Les spectateurs, les publics n’aiment pas lorsque la sociologie leur donne la sensation qu’ils sont classés dans des cases. Et, il faut en convenir, on peut être gêné à la lecture de certains rapports, études ou enquêtes lorsqu’on y découvre comment le sens effectif des pratiques, c'est-à-dire le sens de ceux qui en sont porteurs est souvent écrasé derrière une interprétation unique qui nous nous laisse penser par exemple qu'il existe un public et qu'à ce public s'opposerait un non-public, ou encore cette comparaison couramment faite entre pratique culturelle et pratiques religieuse que l'on compare souvent du fait de leur capacité de rassemblement. Or, comme le remarque souvent Paul Veyne les conduites induites dans le religieux sont souvent des conduites menées par habitudes et souvent sans curiosités. Ce n'est pas le cas des conduites culturelles. J'imagine mal, en effet, des pratiques culturelles qui s'instruiraient sans un part de curiosité véritable de la part de ceux qui les mènent. Entre l'objet culturel et ce que nous appelons en sociologie de la réception l'activité des publics, le fil d'Ariane qui court est tissé des fibres de cette curiosité qui lie artistes et spectateur et leur fait partager via la médiation de l’oeuvre un intérêt commun. "L'art - disait Cocteau qui était sans doute plus sociologue qu'artiste - est une projection de pollen comme la vie elle-même et ma seule récompense est d'être compris de quelques uns. Créer est le seul moyen de vivre encore. Regardez toutes ces momies rangées soigneusement dans leurs alvéoles, de temps en temps, il y en a une qui vous adresse un signe imperceptible. Aujourd'hui nous avons tout épuisé et nous nous retrouvons devant une sorte de vie végétale. Regardez un jardin, observez-le comme je me complais à le faire depuis quelques temps, vous y verrez pulluler une vie intense".
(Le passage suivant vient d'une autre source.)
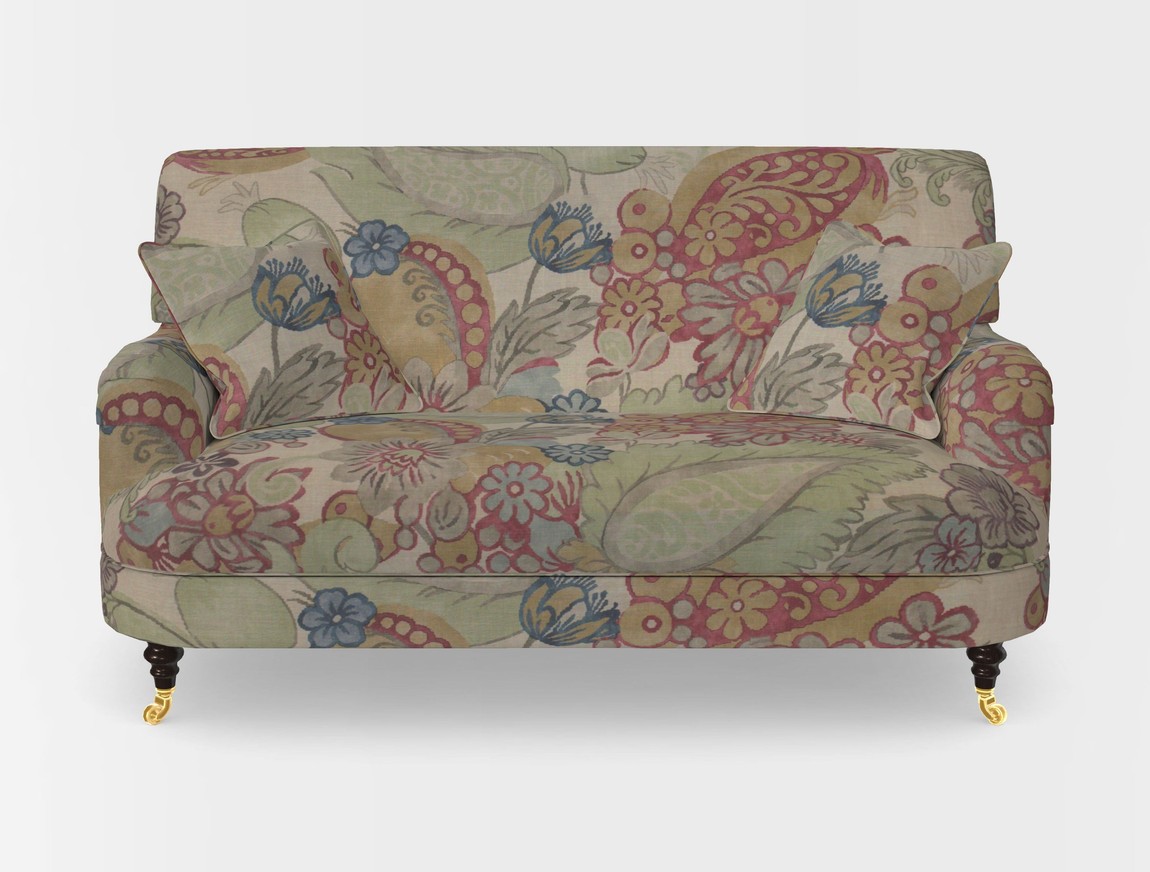 2 Seater Sofa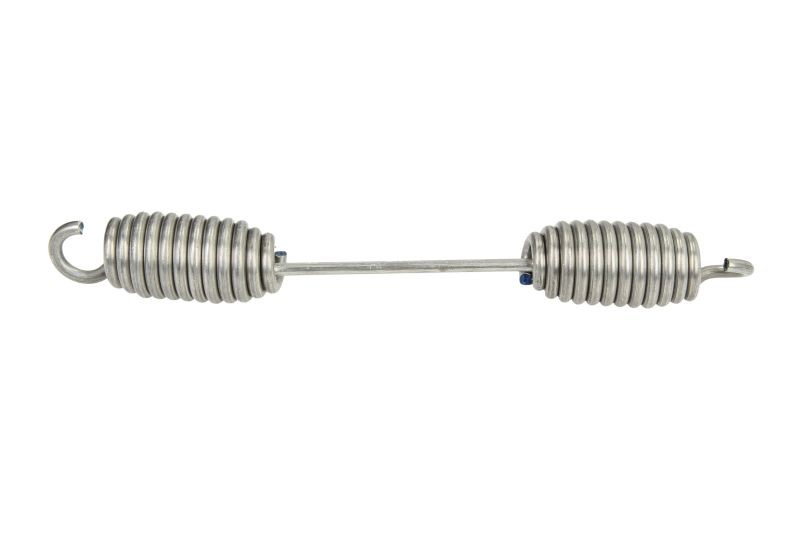 Fits FEBI FE05975 Spring, brake shoes FE05975 Brake shoe spring 270x3 ⭐UK Stock⭐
Il en va de même pour le sociologue de la réception : Là où son collègue qui travaille sur les consommations culturelles regarde en jardinier l'agencement des fruits, légumes et fleurs cueillis pour s'informer sur ce qui est préférentiellement cultivé puis déguster, le sociologue de la réception à l'image de l'allergologue tendra plutôt à s'intéresser à des phénomènes plus repliés sur les effets produits par la dégustations ou par la dispersion des pollens dont parle Cocteau, des effets qui peuvent aller jusqu'à la rhinite allergique ou l'éruptions cutanée.C'est, du reste, un parallèle intéressant que celui qui peut être fait dans la comparaison des démarches de l'allergologue et du sociologue de la réception des oeuvres car tous deux s'intéressent à l'étude des sensibilités effectives en tentant de leur restituer leur sens d'origine. Ainsi si les oignons font pleurer, ce n'est pas de l'allergie, mais un effet irritant dû aux substances volatiles qui agissent sur la conjonctivite oculaire. En revanche, si nos yeux deviennent rouges, pleurent et nous démangent quand on caresse un chat, cela traduit une sensibilité particulière que l'on appelle allergie.
De même lorsqu'une peine immense au décès d'un proche nous envahit et nous amène à pleurer, il ne s'agit pas tout à fait des mêmes larmes que celles qui conduisent certains à sangloter après la mort du héros à la sortie d'un film de cinéma. Je me souviens d'ailleurs d'un jeune homme, un appelé du contingent qui, à la sortie du film de Robert Redford Et au milieu coule une rivière, se sentait obligé de se justifier de ses larmes face à ses copains militaires, des larmes que lui même n'arrivait pas à très bien comprendre:"je ne sais pas trop ce qui m'arrive et pourquoi je pleure devant cette histoire-là, je n'ai pas de frère, je ne suis pas protestant, je déteste la pêche,..." Pourquoi pleure-t-il alors ? Cela peut-il s'expliquer ? Comment plus généralement se font les lignes de partage entre tous ces spectateurs qui rient, pleurent, frissonnent en même temps, alors que d'autres se taisent ou demeurent tapis, figés, impassibles?